Given data:
=-=-=

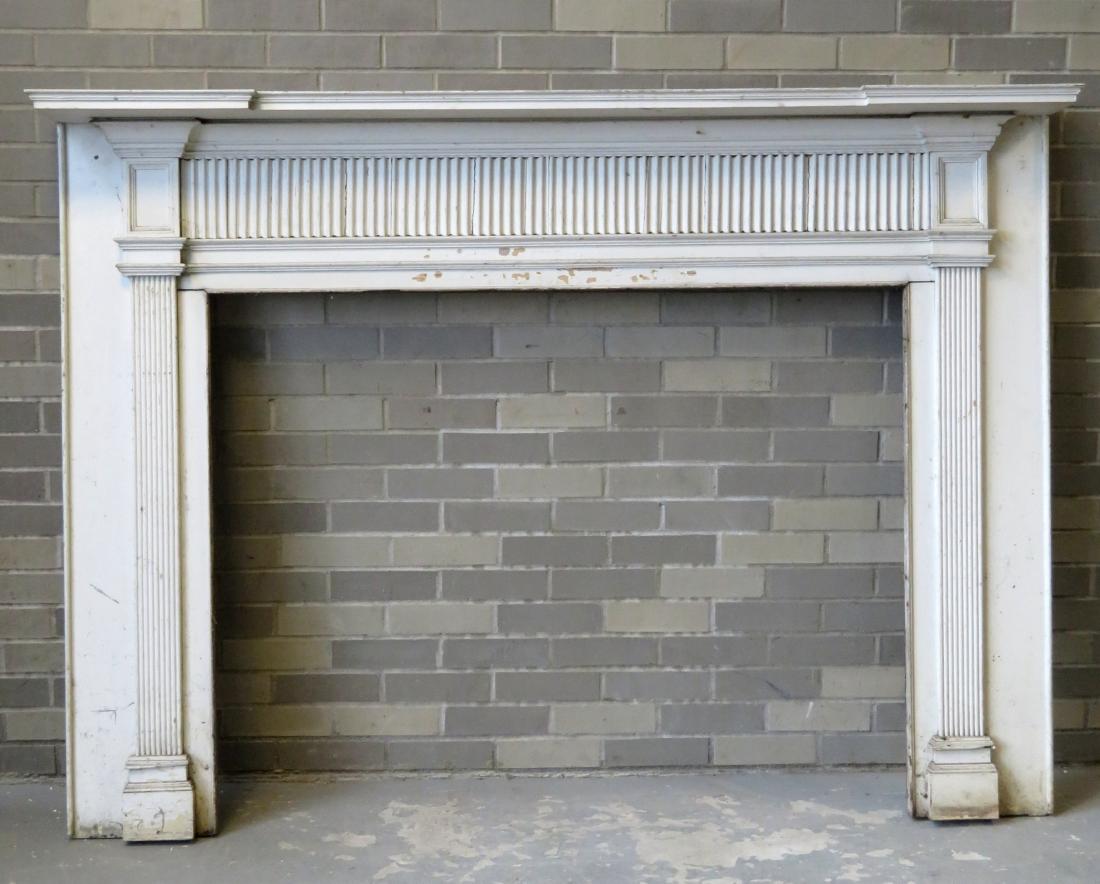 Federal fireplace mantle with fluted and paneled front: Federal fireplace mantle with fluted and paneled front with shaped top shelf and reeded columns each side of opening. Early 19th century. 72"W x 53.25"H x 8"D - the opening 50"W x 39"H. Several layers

=-=-=

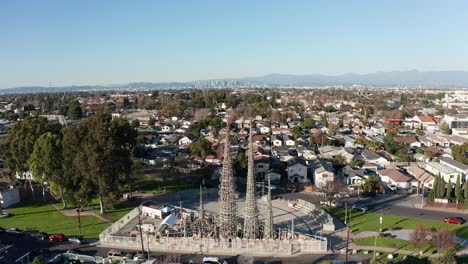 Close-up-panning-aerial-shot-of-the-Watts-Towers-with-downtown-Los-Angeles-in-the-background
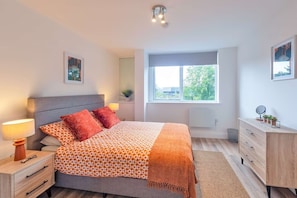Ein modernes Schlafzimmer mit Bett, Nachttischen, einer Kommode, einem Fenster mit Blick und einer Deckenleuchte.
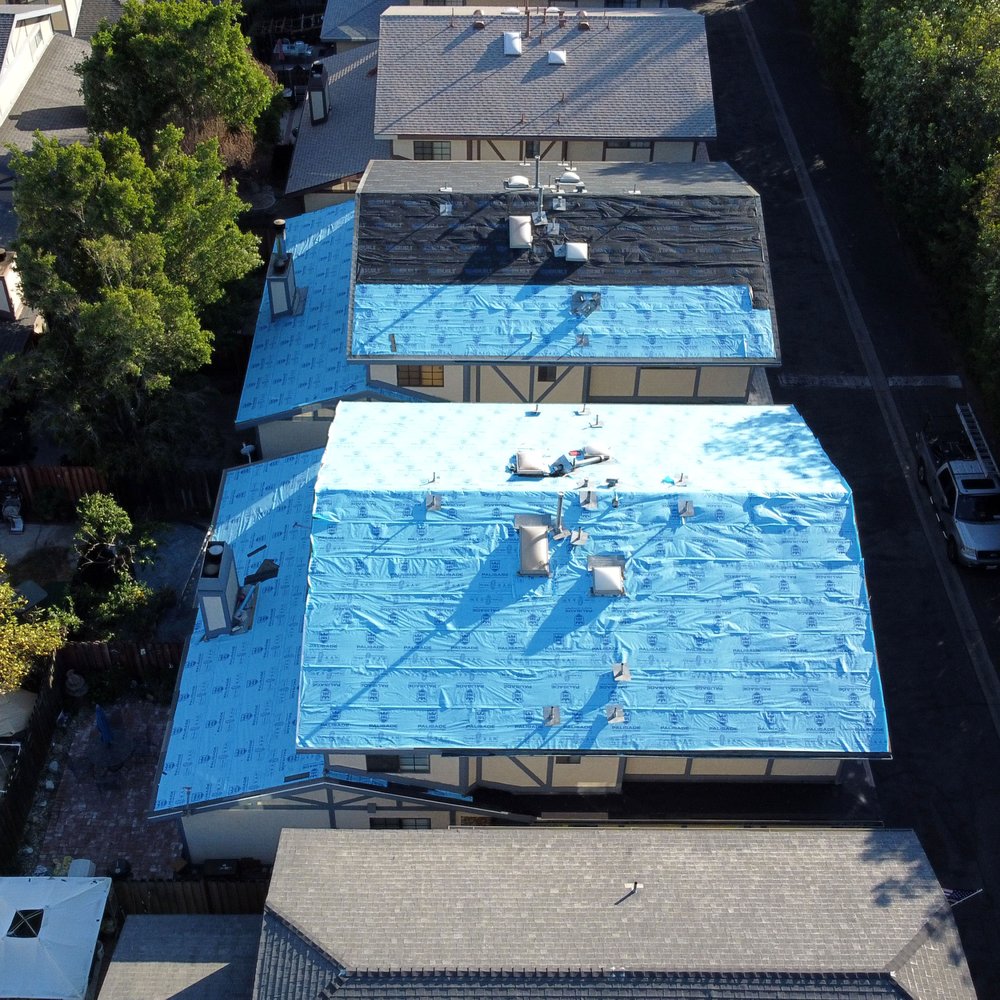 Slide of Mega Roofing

=-=-=

Description of the task: Take only the lines above from the one that has "Ein modernes Schlafzimmer" through the one that has "Slide of Mega Roofing" and reproduce them exactly, omitting any pictures.

Answer to this problem:
Ein modernes Schlafzimmer mit Bett, Nachttischen, einer Kommode, einem Fenster mit Blick und einer Deckenleuchte.
 Slide of Mega Roofing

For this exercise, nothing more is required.